Mechanistic studies of mycobacterial glycolipid biosynthesis by the mannosyltransferase PimE.
Overview
abstract
Tuberculosis (TB), exceeded in mortality only by COVID-19 among global infectious diseases, is caused by Mycobacterium tuberculosis (Mtb). The pathogenicity of Mtb is largely attributed to its complex cell envelope, which includes a class of glycolipids called phosphatidyl-myo-inositol mannosides (PIMs), found uniquely in mycobacteria and its related corynebacterineae. These glycolipids maintain the integrity of the mycobacterial cell envelope, regulate its permeability, and mediate host-pathogen interactions. PIMs consist of a phosphatidyl-myo-inositol core decorated with one to six mannose residues and up to four acyl chains.
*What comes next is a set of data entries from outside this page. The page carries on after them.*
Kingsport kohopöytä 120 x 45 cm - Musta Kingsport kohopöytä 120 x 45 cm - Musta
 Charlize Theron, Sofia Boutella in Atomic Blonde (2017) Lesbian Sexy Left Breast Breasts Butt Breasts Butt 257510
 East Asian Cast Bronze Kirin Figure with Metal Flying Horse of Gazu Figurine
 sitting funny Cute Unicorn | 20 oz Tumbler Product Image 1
The mannosyltransferase PimE catalyzes the transfer of the fifth PIM mannose residue from a polyprenyl phosphate-mannose (PPM) donor. This step in the biosynthesis of higher-order PIMs contributes to the proper assembly and function of the mycobacterial cell envelope; however, the structural basis for substrate recognition and the catalytic mechanism of PimE remain poorly understood. Here, we present the cryo-electron microscopy (cryo-EM) structures of PimE from Mycobacterium abscessus captured in its apo form and in a product-bound complex with the reaction product Ac1PIM5 and the by-product polyprenyl phosphate (PP), determined at 3.0 Å and 3.5 Å, respectively. The structures reveal the active site within a distinctive binding cavity that accommodates both donor and acceptor substrates/products. Within the cavity, we identified residues involved in substrate coordination and catalysis, which we confirmed through in vitro enzymatic assays and further validated by in vivo complementation experiments. Molecular dynamics simulations were applied to identify the access pathways and the dynamics involved in substrate binding. Integrating structural, biochemical, genetic, and computational experiments, our study provides comprehensive insights into how PimE functions, opening potential avenues for development of novel anti-TB therapeutics.